If the mixer and synthesizer allows, you could tune the same device to 2.4 GHz and reconstruct operation of RC cars, or what your neighbour was typing (which is not really that much of a surprising fact, but makes the round in the media lately.

Or you could receive NOAA weather images, or listen to aircraft transponders, or ship transponders, or just tune in to your friendly ham discussions :)

The nice thing about having the ADC sample a relatively high bandwidth is indeed that good filters are expensive – only in the real world.

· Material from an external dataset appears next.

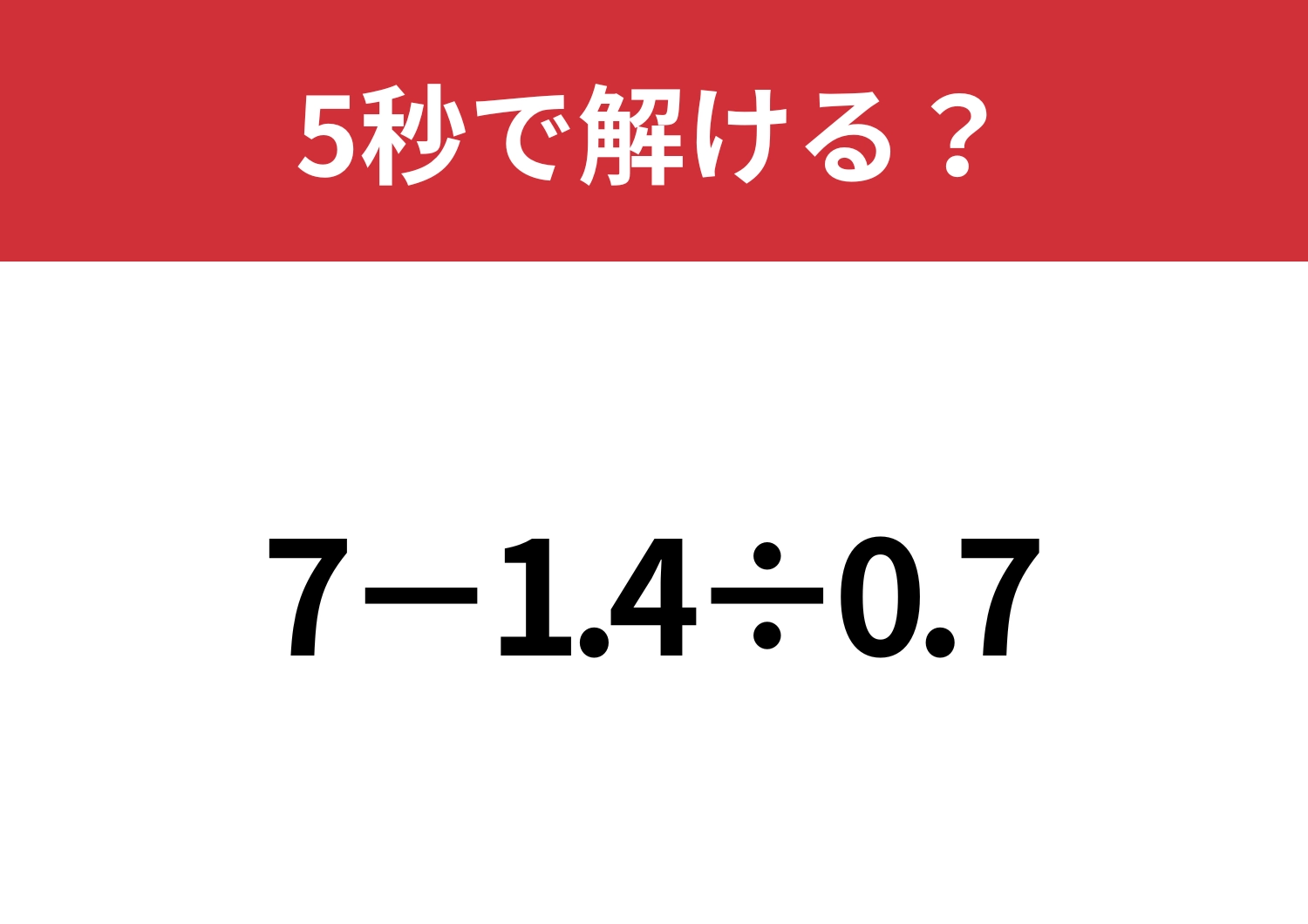 小数の計算はミスしがち！？「7−1.4÷0.7」5秒で解ける？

If your ADC is not running into any clipping problems, and there's no strong nearby signals that desensitize your analog amplifiers, and let's say you've got a noise floor at -100 dBm/Hz and a CW at -93 dBm, then you'd need a 10 Hz wide filter just to get an SNR of 3dB. Which is pretty complicated and highly specific in analog electronics – but in SDR, you'd just let (if it can do that) the DSP chain give you something very easily processable with a modern CPU, e.g. 0.5MS/s, and then either apply a cascade of decimating filters to further suppress the noise, or just go another route and just estimate the power of that single tone with an algorithm whose job is nothing but to find tones within noise (that could be a so-called parametric spectrum estimator, like ESPRIT).